A base ainda é a pecuária de corte. As propriedades do grupo estão distribuídas entre Goiás, Tocantins, Mato Grosso e Mato Grosso do Sul, com áreas voltadas à cria, recria e engorda de gado. A expectativa da empresa é terminar 2026 com quase 500 mil cabeças confinadas.

Esse crescimento ajuda a explicar a aposta da JBJ em verticalização. Em vez de depender apenas da produção rural, a empresa passou a controlar também etapas industriais e comerciais da cadeia. O objetivo é ganhar eficiência, previsibilidade e margem em um setor em que escala faz diferença.

O braço industrial da operação é a Prima Foods, controlada pela JBJ. A empresa opera três unidades frigoríficas, com capacidade de abate entre 2 mil e 2,5 mil cabeças por dia.

Em 2025, foram abatidas cerca de 510 mil cabeças. Para 2026, a projeção é chegar a 620 mil. Boa parte da produção tem destino internacional: aproximadamente 70% da carne produzida segue para exportação, com a China como principal mercado.

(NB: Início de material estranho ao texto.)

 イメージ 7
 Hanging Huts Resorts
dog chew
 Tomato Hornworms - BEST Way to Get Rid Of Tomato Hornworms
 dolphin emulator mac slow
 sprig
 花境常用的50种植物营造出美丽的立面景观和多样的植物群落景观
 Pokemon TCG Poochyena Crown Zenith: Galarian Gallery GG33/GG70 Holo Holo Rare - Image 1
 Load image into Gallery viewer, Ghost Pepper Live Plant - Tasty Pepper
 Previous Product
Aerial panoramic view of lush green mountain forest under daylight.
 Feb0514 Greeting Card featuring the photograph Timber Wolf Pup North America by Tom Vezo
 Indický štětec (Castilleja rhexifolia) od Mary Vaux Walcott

Cavalos milionários viraram negócio

Se a pecuária sustenta a operação, os cavalos da raça Quarto de Milha se tornaram uma das frentes mais visíveis da JBJ. O negócio nasceu há cerca de cinco anos, quando Fabrício decidiu transformar a paixão pessoal por cavalos em uma operação estruturada dentro do grupo.

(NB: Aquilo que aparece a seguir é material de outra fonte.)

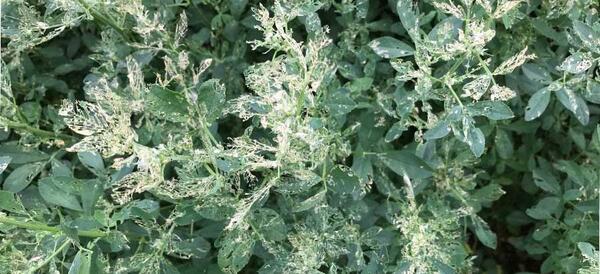 عکس سرخرطومی یونجه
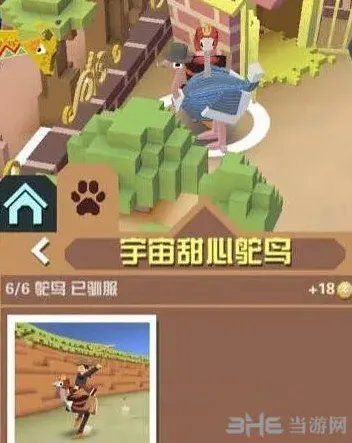疯狂动物园鸵鸟
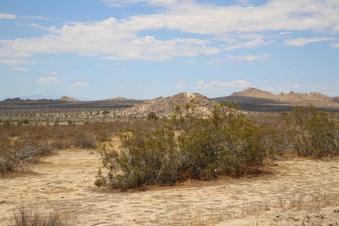 Enlarge photo 275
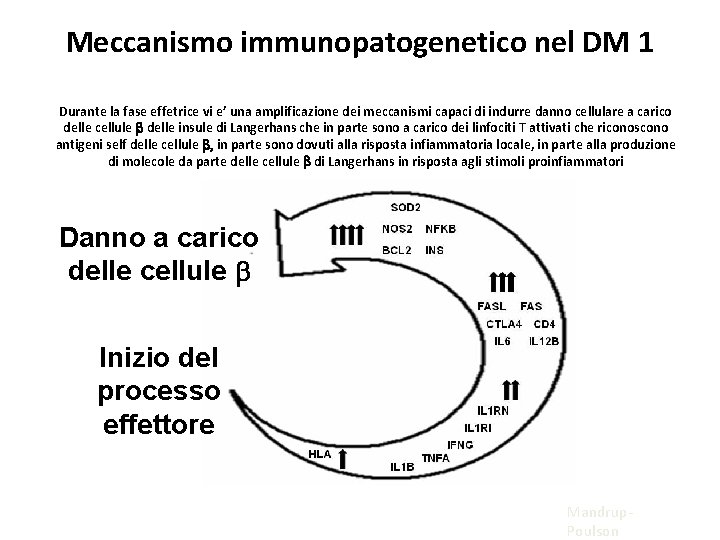 Meccanismo immunopatogenetico nel DM 1 Durante la fase effetrice vi e’ una amplificazione dei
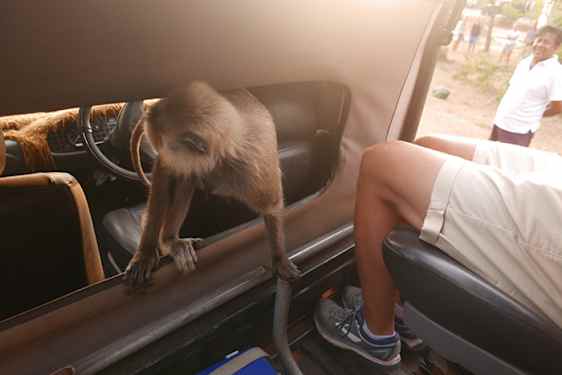 Näe villieläimiä Yalan kansallispuistossa Sri Lankassa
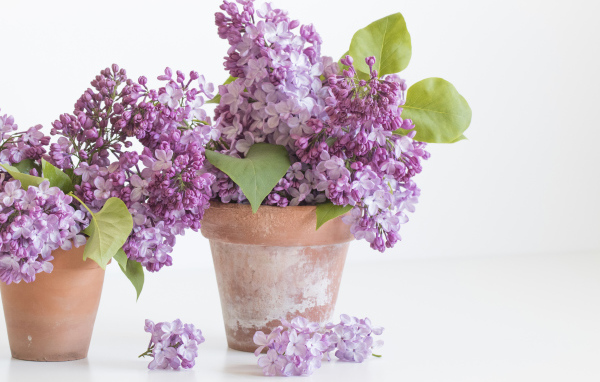 Lilac flowers in pots on a white background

O JBJ Ranch ganhou força com leilões que reúnem criadores, investidores, artistas sertanejos e patrocinadores ligados ao agronegócio. Em uma venda recente, um único cavalo chegou a ser negociado por R$ 44 milhões.

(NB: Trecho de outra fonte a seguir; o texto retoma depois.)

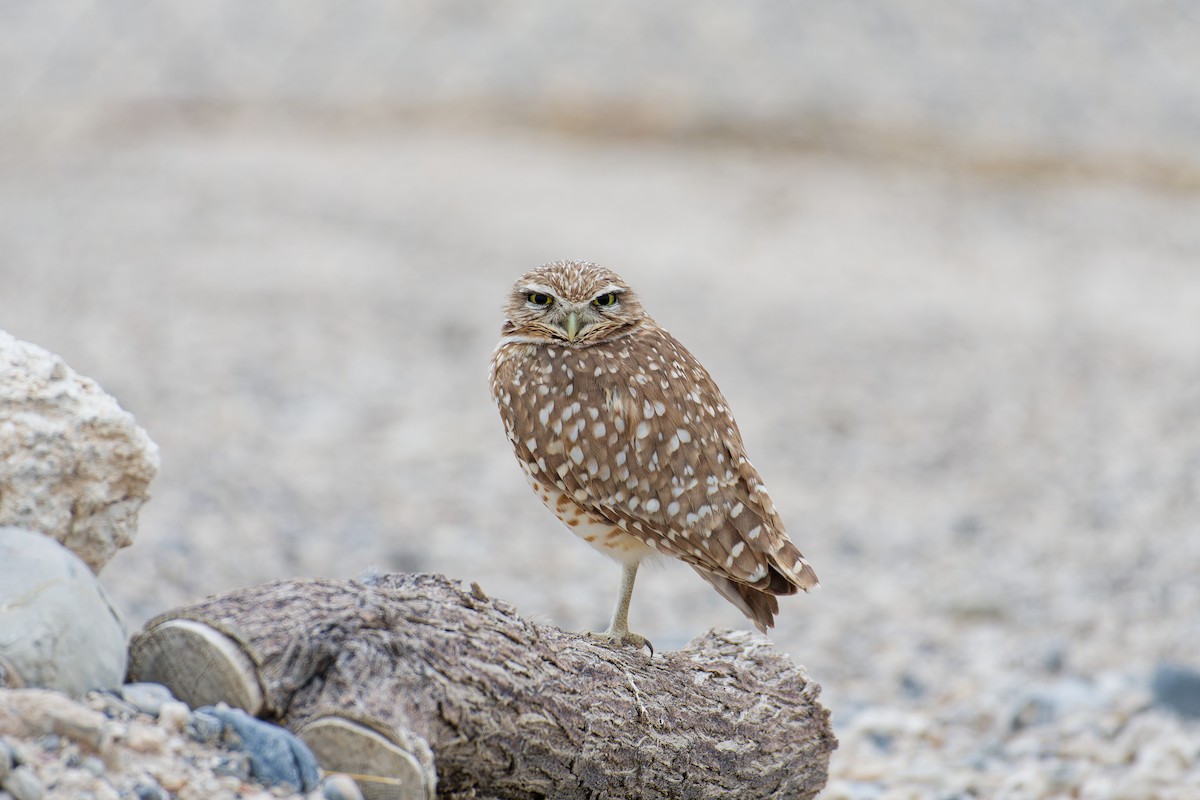 Burrowing Owl - ML620773082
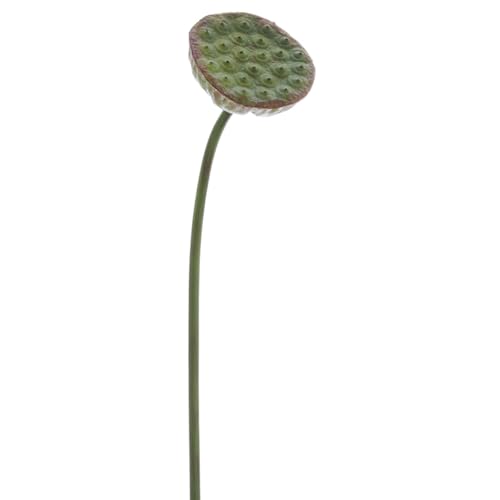 29.5" Silk Lotus Pod Flower Spray -Green (Pack of 12) - Artificial Flower Arrangements Product: 29.5" Silk Lotus Pod Flower Spray -Green (Pack of 12)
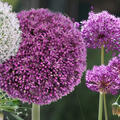 Deal, Zierlauch-Mix, Allium, KW 40/26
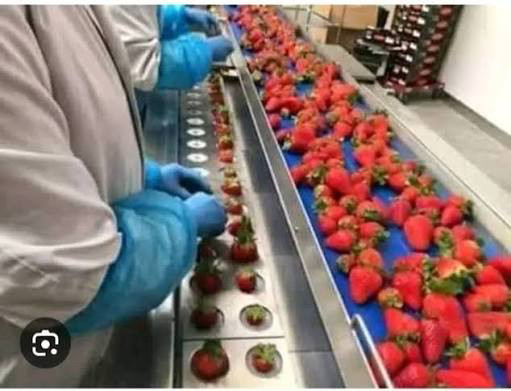 العاشر من رمضان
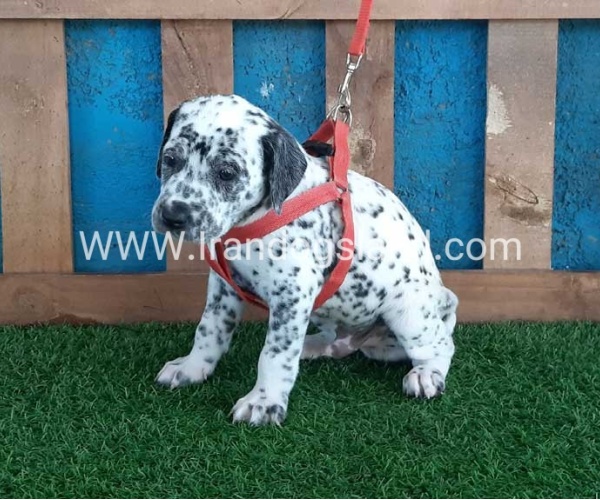 --dalmation-100_5_162108135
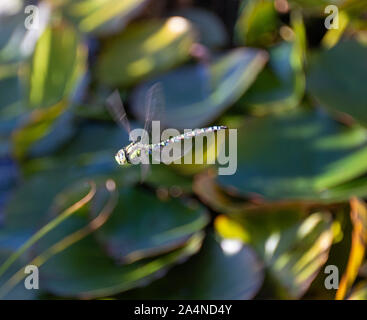 Un magnifique Hawker Dragonfly migrant coloré en vol au-dessus de l'eau dans un jardin à Sawdon North Yorkshire Angleterre Royaume-Uni Banque D'Images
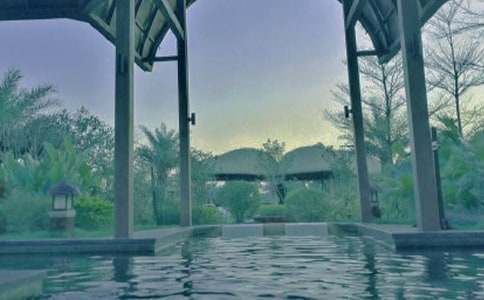 ��Ȫ֮������[����]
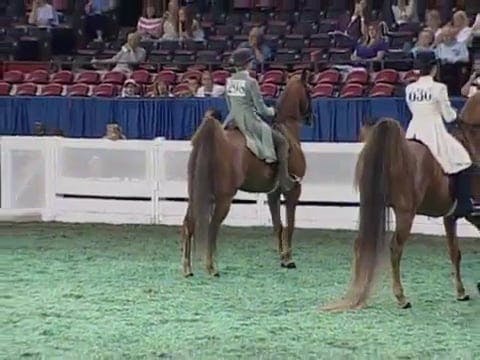 2008 WCHS Class 32 Junior Exhibitor T...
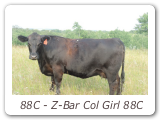 88C - Z-Bar Col Girl 88C
ZBR 88C - View Pedigree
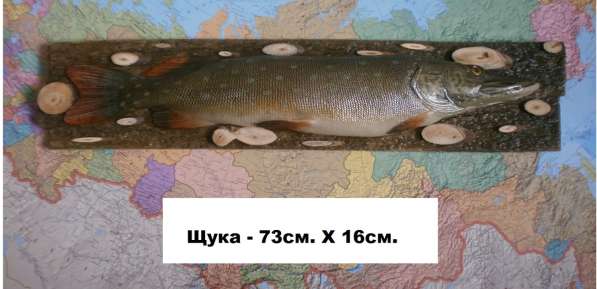 Сувенир для рыбака и охотника в Новосибирске фото 9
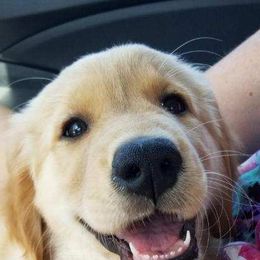 Golden Retriever, Goldendoodle, and Sheepadoodle Puppies from Guppy Puppies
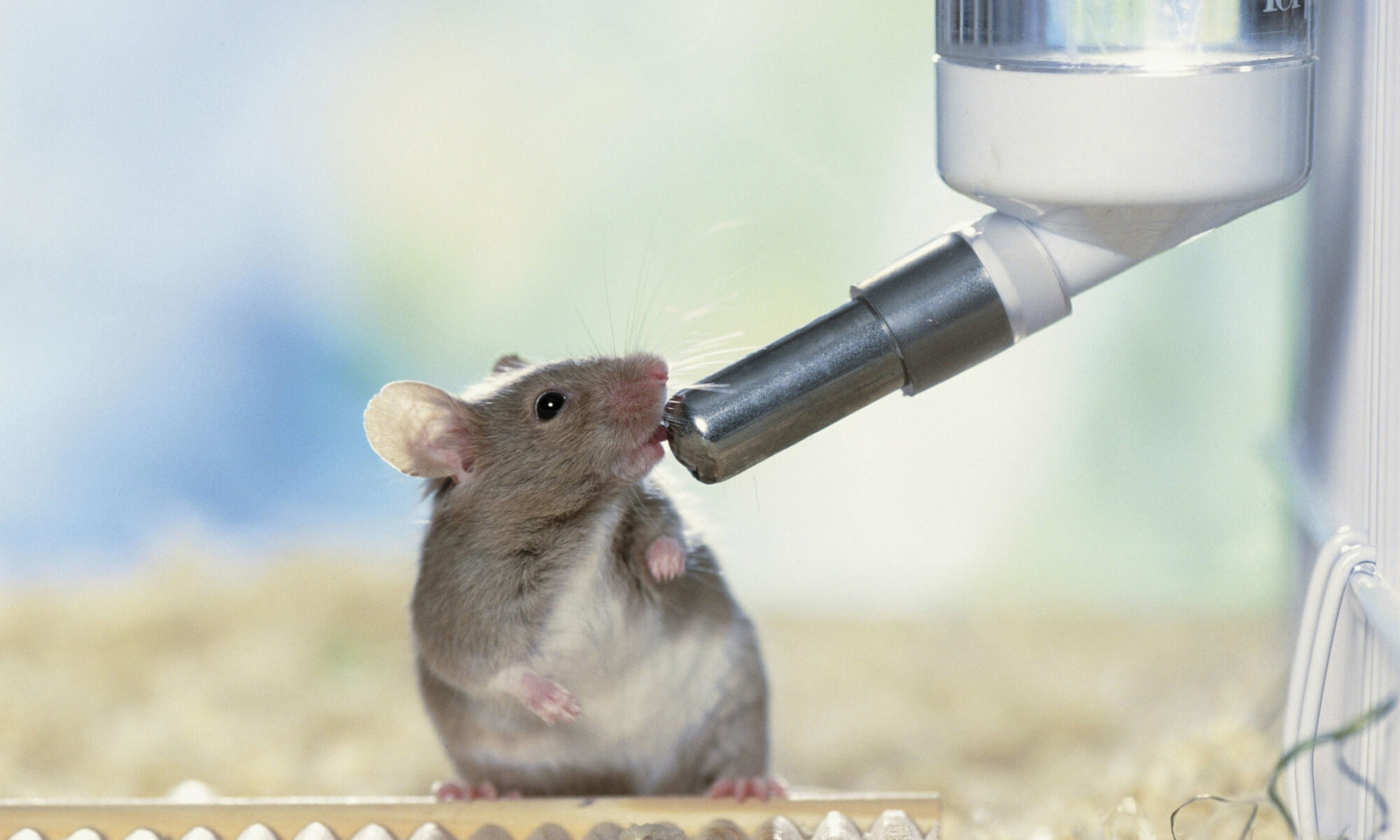 El cerebro de ratones y primates usa el mismo circuito para controlar lengua y extremidades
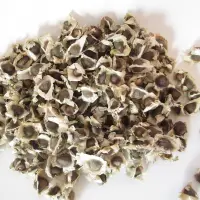 Moringa Seeds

A operação promove aquele que é considerado o maior leilão de cavalos da América Latina e um dos maiores do mundo. Neste ano, a empresa bateu novo recorde, com R$ 257 milhões em vendas.

O braço de genética e cavalos deve representar cerca de 10% do faturamento do grupo, com receita próxima de R$ 600 milhões. O número mostra que a frente deixou de ser apenas um ativo de imagem e passou a ocupar espaço real na estratégia de crescimento.

Genética bovina entra no centro da estratégia

A JBJ também investe em genética bovina. A frente, conduzida pela JBJ Genetics, trabalha no desenvolvimento de animais com maior produtividade, ganho de peso, precocidade e qualidade da carne.

A empresa atua com Nelore P.O., cruzamentos genéticos e tecnologias voltadas a reduzir o tempo de abate. Segundo Fabrício Batista, no confinamento da companhia, os bois são abatidos entre 24 e 30 meses.

A internacionalização também entrou no plano da JBJ. Nos últimos anos, a empresa inaugurou uma operação no Texas, nos Estados Unidos, considerado um dos principais centros mundiais da raça Quarto de Milha.

O grupo comprou um rancho em Pilot Point para aproximar a marca do mercado global de genética equina. A estratégia é trazer genética norte-americana para o Brasil e, ao mesmo tempo, posicionar a genética brasileira em mercados internacionais.